Task brief:
When you reach the line with "a hallway with" in the data below, begin printing lines exactly, and stop once the line with "Wooden back deck" has been printed.

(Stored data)
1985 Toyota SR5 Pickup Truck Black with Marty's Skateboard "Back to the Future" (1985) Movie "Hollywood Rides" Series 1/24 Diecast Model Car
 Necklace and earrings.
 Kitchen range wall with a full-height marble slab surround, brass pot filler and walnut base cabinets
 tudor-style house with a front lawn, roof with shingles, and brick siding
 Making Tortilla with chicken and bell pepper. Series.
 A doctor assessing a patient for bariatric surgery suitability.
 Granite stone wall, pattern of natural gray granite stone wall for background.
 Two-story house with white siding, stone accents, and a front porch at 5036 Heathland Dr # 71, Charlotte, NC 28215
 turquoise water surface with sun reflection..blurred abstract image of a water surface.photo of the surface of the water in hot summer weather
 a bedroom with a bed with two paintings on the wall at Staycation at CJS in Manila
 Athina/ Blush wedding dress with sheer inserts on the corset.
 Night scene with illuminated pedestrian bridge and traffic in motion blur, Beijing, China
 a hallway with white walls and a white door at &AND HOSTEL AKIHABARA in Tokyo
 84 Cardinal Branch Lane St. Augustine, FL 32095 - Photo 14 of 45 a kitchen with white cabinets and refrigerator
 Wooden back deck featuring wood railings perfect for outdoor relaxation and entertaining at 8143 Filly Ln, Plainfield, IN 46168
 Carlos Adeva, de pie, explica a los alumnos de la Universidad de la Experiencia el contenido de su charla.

Expected answer:
 a hallway with white walls and a white door at &AND HOSTEL AKIHABARA in Tokyo
 84 Cardinal Branch Lane St. Augustine, FL 32095 - Photo 14 of 45 a kitchen with white cabinets and refrigerator
 Wooden back deck featuring wood railings perfect for outdoor relaxation and entertaining at 8143 Filly Ln, Plainfield, IN 46168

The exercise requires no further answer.